Francis Arsène grew up in a little village in Sarthe, the eighth child in a family of fifteen brothers and sisters. After obtaining his primary school certificate, a desire to work outdoors, and more specifically up high, set him on course for a career as a roofer and zinc worker. After his apprenticeship, he decided to follow his older brothers to the capital. In Paris, he was recruited by the company owned by Henri Charlent, known in particular for his Traité de Couverture (Treatise on Roofing), published in 1988. In 1981, he established his own business, Couverture GF, and went on to spend the next 35 years “traipsing” around the Parisian roofs he was renovating while training future roofers. In 1998, he set up Atelier Arzinc, removing old zinc from rooftops and recycling it into original creations that he incorporated harmoniously into Parisian gardens and interiors (tables, benches, chairs, ponds, water walls, window boxes, etc.). The L’Art du Jardin exhibition opened its doors to him and he discovered a world of enthusiasts there, providing it with his knowhow and technical expertise in a material that he knew like the back of his hand: zinc, which has the virtue of being highly resistant to weathering over the long term. Taking an approach to recycling that was innovative at the time, he succeeded in staying at the forefront of a school of thought on reuse that has now become indispensable.
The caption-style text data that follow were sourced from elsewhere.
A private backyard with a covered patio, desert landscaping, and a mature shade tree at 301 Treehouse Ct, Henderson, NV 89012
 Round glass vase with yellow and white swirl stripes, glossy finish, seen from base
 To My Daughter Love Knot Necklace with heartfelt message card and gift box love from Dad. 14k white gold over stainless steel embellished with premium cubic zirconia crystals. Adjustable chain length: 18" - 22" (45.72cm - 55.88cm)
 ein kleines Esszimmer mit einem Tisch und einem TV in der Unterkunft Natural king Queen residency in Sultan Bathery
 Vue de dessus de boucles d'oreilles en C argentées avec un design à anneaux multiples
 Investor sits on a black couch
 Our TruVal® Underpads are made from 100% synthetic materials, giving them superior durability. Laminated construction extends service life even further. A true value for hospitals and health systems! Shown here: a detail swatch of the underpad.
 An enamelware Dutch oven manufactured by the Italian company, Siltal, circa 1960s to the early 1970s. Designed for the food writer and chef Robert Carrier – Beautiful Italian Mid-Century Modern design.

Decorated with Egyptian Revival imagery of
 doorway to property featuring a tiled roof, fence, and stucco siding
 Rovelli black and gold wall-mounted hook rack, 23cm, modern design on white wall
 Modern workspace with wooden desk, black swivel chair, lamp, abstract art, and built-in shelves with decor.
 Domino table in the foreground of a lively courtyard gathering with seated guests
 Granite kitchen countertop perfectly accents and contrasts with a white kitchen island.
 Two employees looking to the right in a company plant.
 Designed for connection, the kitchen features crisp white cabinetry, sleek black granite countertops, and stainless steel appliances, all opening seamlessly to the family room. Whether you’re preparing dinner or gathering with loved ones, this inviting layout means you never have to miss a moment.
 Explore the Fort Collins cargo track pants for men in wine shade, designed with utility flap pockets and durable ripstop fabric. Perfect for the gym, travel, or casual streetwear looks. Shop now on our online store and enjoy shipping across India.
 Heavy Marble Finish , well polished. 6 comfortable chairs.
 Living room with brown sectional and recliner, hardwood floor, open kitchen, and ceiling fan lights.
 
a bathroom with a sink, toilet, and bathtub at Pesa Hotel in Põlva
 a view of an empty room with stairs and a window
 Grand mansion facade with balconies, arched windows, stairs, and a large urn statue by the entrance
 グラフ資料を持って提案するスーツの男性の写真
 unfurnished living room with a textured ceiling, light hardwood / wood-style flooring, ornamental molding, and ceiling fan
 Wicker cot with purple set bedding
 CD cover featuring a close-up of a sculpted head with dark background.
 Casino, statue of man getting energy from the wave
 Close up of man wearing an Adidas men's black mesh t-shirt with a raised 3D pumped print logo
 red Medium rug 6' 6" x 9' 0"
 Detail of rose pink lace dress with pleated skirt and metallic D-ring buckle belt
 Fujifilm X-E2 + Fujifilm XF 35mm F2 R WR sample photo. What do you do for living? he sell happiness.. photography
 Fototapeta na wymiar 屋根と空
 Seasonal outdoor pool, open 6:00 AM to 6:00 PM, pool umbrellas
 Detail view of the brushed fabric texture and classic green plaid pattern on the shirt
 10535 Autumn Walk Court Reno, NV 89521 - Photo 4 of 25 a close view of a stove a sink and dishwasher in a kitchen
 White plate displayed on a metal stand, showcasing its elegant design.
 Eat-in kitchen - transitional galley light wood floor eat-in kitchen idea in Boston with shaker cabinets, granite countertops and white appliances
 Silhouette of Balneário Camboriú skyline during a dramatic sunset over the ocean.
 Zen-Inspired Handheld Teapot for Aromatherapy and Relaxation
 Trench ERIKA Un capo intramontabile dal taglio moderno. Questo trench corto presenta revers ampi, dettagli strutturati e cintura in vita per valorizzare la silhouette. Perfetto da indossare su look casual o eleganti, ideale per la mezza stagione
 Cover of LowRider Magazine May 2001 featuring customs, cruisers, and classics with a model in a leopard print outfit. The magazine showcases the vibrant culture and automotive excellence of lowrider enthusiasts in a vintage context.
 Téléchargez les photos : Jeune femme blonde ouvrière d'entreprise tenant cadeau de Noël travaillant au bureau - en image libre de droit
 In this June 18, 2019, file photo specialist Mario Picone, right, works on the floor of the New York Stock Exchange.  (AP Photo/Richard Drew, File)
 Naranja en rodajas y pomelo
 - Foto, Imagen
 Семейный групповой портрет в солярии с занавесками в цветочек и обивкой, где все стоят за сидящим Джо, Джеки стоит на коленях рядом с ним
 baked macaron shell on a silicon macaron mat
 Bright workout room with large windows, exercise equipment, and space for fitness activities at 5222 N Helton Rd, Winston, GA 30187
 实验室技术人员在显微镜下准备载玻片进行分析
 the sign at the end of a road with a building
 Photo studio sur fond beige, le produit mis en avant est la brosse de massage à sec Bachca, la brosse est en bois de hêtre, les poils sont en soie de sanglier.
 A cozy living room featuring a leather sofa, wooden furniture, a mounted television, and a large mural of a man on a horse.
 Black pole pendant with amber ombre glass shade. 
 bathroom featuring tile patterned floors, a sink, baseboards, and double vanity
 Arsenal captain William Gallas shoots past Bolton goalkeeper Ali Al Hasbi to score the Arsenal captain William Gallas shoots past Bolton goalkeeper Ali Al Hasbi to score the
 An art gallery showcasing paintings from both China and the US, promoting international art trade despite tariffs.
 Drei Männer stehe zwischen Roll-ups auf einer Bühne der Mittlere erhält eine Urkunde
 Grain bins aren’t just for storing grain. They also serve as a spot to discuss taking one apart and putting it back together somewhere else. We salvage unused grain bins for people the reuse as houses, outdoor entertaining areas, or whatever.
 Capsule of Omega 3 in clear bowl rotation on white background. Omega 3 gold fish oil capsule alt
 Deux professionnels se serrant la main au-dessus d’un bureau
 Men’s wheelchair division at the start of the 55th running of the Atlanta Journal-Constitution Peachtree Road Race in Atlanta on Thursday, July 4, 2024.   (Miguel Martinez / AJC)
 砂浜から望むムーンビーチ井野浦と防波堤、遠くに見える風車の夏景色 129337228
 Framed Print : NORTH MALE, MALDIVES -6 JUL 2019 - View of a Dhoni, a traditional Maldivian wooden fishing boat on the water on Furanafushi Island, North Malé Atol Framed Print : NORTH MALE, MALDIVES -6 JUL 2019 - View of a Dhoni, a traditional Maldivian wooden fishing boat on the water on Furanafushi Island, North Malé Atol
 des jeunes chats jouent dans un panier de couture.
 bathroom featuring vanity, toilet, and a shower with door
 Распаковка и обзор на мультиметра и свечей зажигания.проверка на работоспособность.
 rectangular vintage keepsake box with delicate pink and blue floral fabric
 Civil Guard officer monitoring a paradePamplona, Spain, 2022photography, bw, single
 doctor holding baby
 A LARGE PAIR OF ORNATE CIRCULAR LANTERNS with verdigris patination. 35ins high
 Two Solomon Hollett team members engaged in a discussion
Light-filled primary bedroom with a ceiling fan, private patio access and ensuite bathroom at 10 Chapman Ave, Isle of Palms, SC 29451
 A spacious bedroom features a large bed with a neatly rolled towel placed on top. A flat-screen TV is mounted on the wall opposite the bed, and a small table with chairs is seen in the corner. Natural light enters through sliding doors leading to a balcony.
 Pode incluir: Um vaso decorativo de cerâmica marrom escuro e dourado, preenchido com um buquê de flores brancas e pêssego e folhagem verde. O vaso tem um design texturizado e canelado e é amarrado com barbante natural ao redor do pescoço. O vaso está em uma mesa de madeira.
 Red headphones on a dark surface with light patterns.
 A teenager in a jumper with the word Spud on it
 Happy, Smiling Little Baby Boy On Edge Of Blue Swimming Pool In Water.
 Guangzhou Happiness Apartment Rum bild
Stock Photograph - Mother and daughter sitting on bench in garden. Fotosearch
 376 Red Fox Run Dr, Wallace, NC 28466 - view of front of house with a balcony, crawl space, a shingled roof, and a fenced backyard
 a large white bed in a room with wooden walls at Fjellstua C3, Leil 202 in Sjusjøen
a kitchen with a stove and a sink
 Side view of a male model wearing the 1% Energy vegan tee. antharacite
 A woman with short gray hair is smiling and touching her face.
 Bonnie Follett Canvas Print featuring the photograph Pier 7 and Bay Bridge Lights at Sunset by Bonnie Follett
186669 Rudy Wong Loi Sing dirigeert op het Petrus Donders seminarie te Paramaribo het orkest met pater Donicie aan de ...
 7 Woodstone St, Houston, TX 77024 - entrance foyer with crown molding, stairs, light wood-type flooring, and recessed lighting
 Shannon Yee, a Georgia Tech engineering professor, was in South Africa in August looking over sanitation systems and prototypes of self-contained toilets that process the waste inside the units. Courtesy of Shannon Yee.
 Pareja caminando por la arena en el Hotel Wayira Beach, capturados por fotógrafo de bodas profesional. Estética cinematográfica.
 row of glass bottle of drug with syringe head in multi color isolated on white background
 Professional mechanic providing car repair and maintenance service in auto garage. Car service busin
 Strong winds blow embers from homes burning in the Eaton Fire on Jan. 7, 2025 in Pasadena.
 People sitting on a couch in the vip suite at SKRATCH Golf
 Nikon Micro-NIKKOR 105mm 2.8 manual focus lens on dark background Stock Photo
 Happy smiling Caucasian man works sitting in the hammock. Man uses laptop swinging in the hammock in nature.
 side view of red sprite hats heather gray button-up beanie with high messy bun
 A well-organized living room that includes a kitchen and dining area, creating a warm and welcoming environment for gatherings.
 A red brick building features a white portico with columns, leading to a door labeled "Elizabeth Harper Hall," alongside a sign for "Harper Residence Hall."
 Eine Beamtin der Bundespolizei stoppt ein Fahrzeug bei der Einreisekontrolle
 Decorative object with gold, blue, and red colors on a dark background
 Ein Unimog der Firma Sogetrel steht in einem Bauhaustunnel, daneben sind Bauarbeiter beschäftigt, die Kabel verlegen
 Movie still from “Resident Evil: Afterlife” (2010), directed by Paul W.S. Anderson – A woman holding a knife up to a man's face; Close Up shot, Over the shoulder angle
For several years now, he has been lending his assistance to a team of young architects fascinated by materials, who evolve day by day, drawing on the wealth of knowledge he communicates to them.
Thomas Marcel is a young architect with a degree from the Paris-La Villette National Higher School of Architecture (ENSA). After completing his studies, he spent two years honing his skills at the Atelier Parisien d’Urbanisme. As he had always been attracted to the world of crafts, he decided to change careers, teaching himself by working with matter in all its forms and using everything from wood to metal to create a range of furniture, architectural and design objects. He joined Atelier Arzinc in 2022, and is kept busy there fine-tuning his artisanal knowhow and creating unique pieces. Taking a resolutely creative approach, he wants to specialise in the design of objects, mastering his creative process from conception to completion.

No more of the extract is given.